Solution: The adviser receives the first 30 odd numbers. Sum of first 30 odd numbers = 30² = 900. So he gets 900 coins.
Q.130. Find three numbers in the ratio 2:3:5, the sum of whose squares is 608.
Solution: Let numbers be 2a, 3a, 5a. Then 4a² + 9a² + 25a² = 38a² = 608 ⇒ a² = 16 ⇒ a = 4. Numbers are 8, 12 and 20.
Q.131. Find the smallest square number divisible by each one of the numbers 8, 9 and 10. 
Solution: LCM(8,9,10) = 360. To make it a perfect square multiply by 2 × 5 = 10 to balance prime exponents. Thus 360 × 10 = 3,600 is the least square divisible by 8, 9 and 10.
Q.132. The area of a square plot is 101 1/400 m². Find the length of one side of the plot. 
Solution: Convert area to improper fraction: 101 1/400 = (101 × 400 + 1)/400 = 40,401/400. Side = √(40,401/400) = 201/20 = 10.05 m. So one side is 201/20 m (10.05 m).
Q.133. Find the square root of 324 by the method of repeated subtraction.
Solution: Subtract successive odd numbers from 324: 324 - 1 - 3 - 5 - 7 - ... - 35 = 0. It takes 18 subtractions, so √324 = 18.
Q.134. Three numbers are in the ratio 2:3:4. The sum of their cubes is 0.334125. Find the numbers.
Solution: Let numbers be 2a, 3a, 4a. Then 8a³ + 27a³ + 64a³ = 99a³ = 0.334125. So a³ = 0.003375 = 3375/1,000,000. Therefore a = 15/1,000 = 0.015. Numbers are 0.03, 0.045 and 0.06.
Q.135. Evaluate: ³√27 + ³√0.008 + ³√0.064
Solution: = ³√27 + ³√(8/1000) + ³√(64/1000)
= 3 + 2/10 + 4/10 = 3 + 0.2 + 0.4 = 3.6.
Q.136. {(5² + (12²)^1/2)}³
Solution: {5² + √(12²)}³ = (25 + 12)³ = 37³ = 50,653.
Q.137. {(6² + (8²)^1/2)}³
Solution: {36 + √64}³ = (36 + 8)³ = 44³ = 85,184.
Q.138. A perfect square number has four digis, none of which is zero. The digits from left to right have values that are: even, even, odd, even. Find the number.
Solution: A four-digit perfect square with digit pattern even, even, odd, even is 8,8,3,6 giving 8,836 = 94². The intended number is 8,836.
Q.139. Put three different numbers in the circles so that when you add the numbers at the end of each line you always get a perfect square.

Solution: Choose numbers 6, 19 and 30 in the three circles. Sums at each end: 6 + 19 = 25, 6 + 30 = 36, 19 + 30 = 49, all perfect squares.

Q.140. The perimeters of two squares are 40 and 96 metres respectively. Find the perimeter of another square equal in area to the sum of the first two squares.
Solution: Sides are 40/4 = 10 m and 96/4 = 24 m. Areas are 10² = 100 and 24² = 576. Sum = 676, so new side = √676 = 26 m. Perimeter = 4 × 26 = 104 m.
Q.141. A three digit perfect square is such that if it is viewed upside down, the number seen is also a perfect square. What is the number?
(Hint: The digits 1, 0 and 8 stay the same when viewed upside down, whereas 9 becomes 6 and 6 becomes 9.)
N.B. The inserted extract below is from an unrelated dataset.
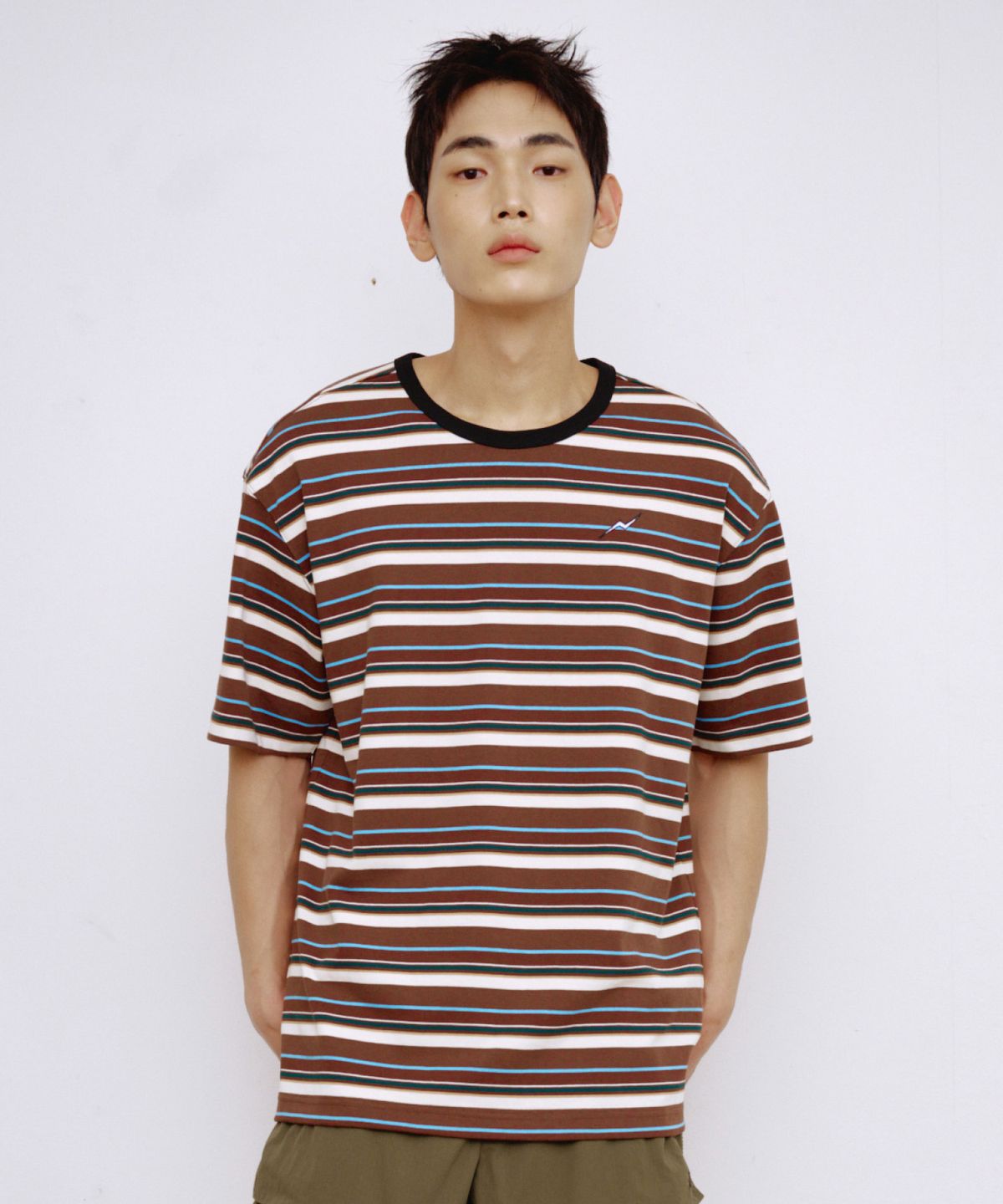 칼라파타르(KALAPATTHAR) KP LOGO STRIPE SHORT-SLEEVED T-SHIRT - BROWN
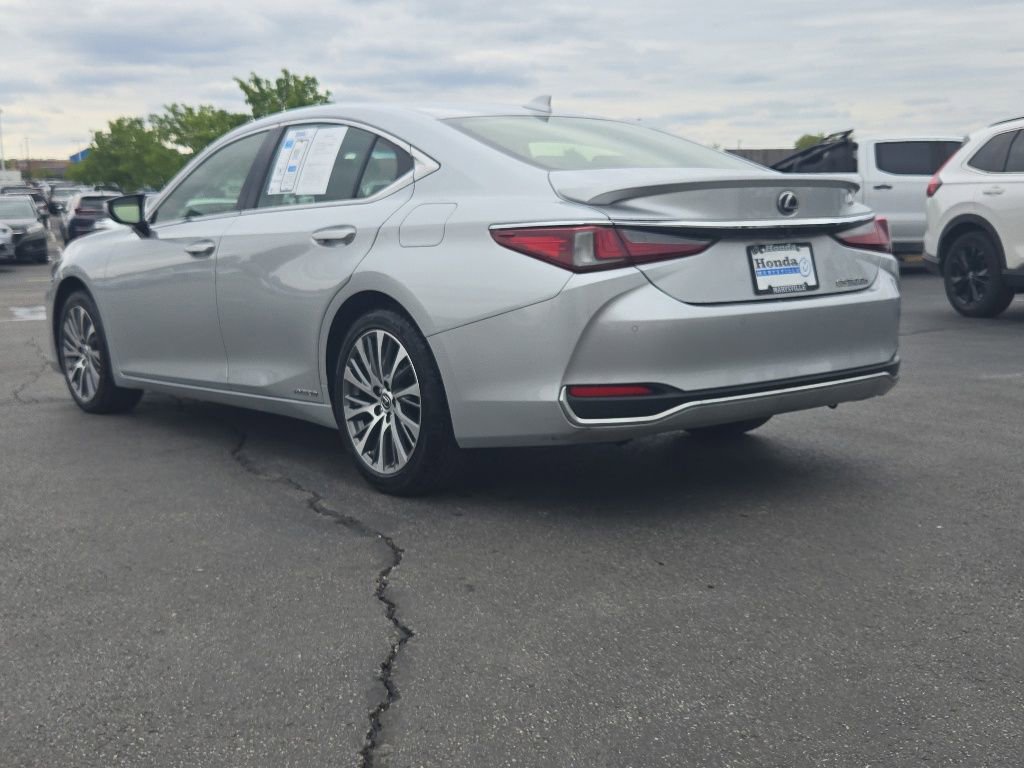 Used 2019 Lexus ES 300h w/ Premium Package FWD image 5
Solution: The three-digit perfect squares 196 and 961 are mirror images under the given digit mapping; both are perfect squares.
Q.142. 13 and 31 is a strange pair of numbers such that their squares 169 and 961 are also mirror images of each other. Can you find two other such pairs?
Solution: Two other pairs are 12 and 21 (12²=144, 21²=441) and 102 and 201 (102²=10,404, 201²=40,401).